5. Let’s Drive South? Nicholas Lemann's Promised Land describes how the 1964 passage of a national Food Stamp benefit -- same in poor states as in rich states -- led some poorer African-Americans to reverse-migrate back to the South, where the benefits went further. You wonder if the same thing will happen after the child allowance, except maybe in a more pronounced way. Southern states traditionally have low welfare benefits (e.g. $170 a month for a family of three in Mississippi). But now there is now roughly a $13,000 fixed nationwide benefit ($7,200 in Biden’s child allowance, plus $6,400 in SNAP food stamps) plus Medicaid for a parent of two children, You get that $13,000 if you live in Chicago -- or if you live in rural Mississippi, no matter how stingy they were. It will go a lot further in Mississippi. Will millions of parents decide to move there, or to other low-cost states? Texas? And what of the sociology when small towns fill up, not with lone, out-of-work deplorables or retirees on disability, but younger moms with children -- moms who, thanks to the federal benefit, now don't have to work so much to get by?
I don't know. I suspect it won't be a net good for the nation, or even for those families. But we won’t find the answer in debates at the Niskanen Foundation.
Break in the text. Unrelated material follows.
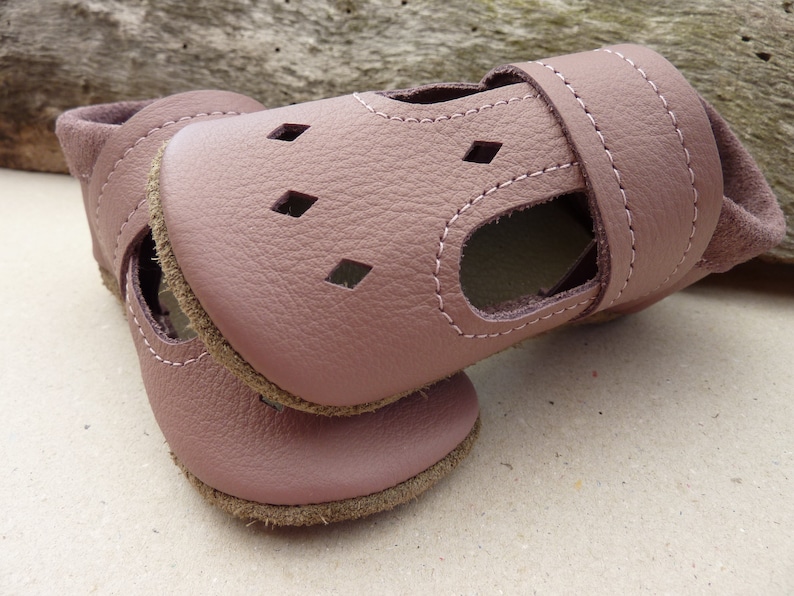 May include: A pair of soft, mauve-colored baby sandals. The sandals are made of leather with a stitched design and diamond-shaped cutouts. The soles are a contrasting brown color, and the ankle strap has a hook and loop closure.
As a conservative, pro-life Republican, I love the idea of regular cash payments to parents of children. In fact, I'd like to see more. Ideally, I would replace all forms of public assistance, i.e., Food Stamps, Section 8, TANF, unemployment insurance, and so on, with cash payments. You'd save a fortune on bureaucracy and remove barriers to people continuing to get assistance. No more trips to the welfare office every month or so to prove eligibility. No calling into unemployment offices that don't answer the phones.
Always glad to get your take Mickey. Certainly don't always agree with it and I am glad to get it. I wish you would write more in your pieces on what you would do differently than what you are opposing. I would also like to know more about who you are reading and who you are following that informs your thinking. For example, I learned about unherd.com as a result of you being involved with BloggingHeads.TV which has interesting takes mostly on the conservative side but not always.